Microsoft 365 Zero Trust Roadmap

January 19, 2026 by
Resilix, Guillaume Bossiroy

In this blog post, we propose a roadmap to progressively strengthen your Zero Trust posture in Microsoft 365, based on Microsoft’s Zero Trust model and its seven technology pillars: Identity, Endpoints, Applications, Data, Network, Infrastructure, and Visibility, Automation, and Orchestration. Rather than attempting to implement all controls at once, this approach breaks the journey into clear, manageable steps, each building on the trust signals and enforcement capabilities introduced in the previous stage.

On a monthly basis, we will publish a dedicated blog post that explores one aspect of Zero Trust in Microsoft 365 in depth, aligned with one or more of these pillars.
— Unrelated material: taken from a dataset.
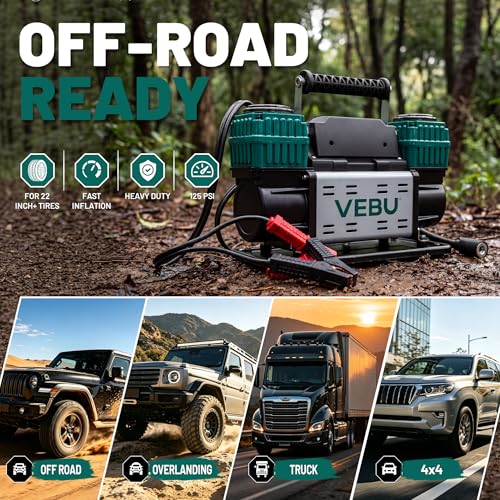 Image of Heavy Duty Air Compressor 12V Tire Inflator, Dual Cylinder 125PSI with In-line Pressure Gauge, 10.6CFM Fast Inflation for Off-road Vehicles, Trucks, SUVs, RVs, ATVs, DC Power, Corded Electric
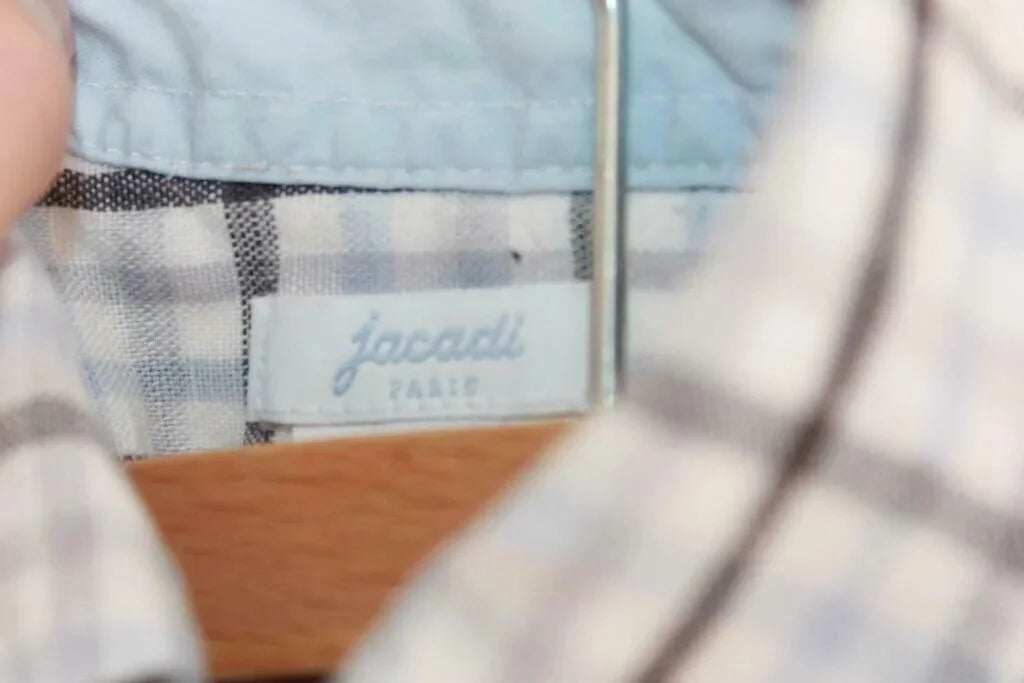 tweedehands geruit overhemd in multicolour met korte mouwen van jacadi in maat 86 voor een baby jongen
Each article focuses on practical technical implementation, architectural decisions, and concrete configuration examples, helping organizations move from Zero Trust principles to enforceable and measurable security controls.

Together, these articles form a structured learning path designed to guide organizations from foundational identity and access enforcement to a mature Zero Trust operating model that integrates detection, response, automation, and continuous improvement across the Microsoft 365 platform.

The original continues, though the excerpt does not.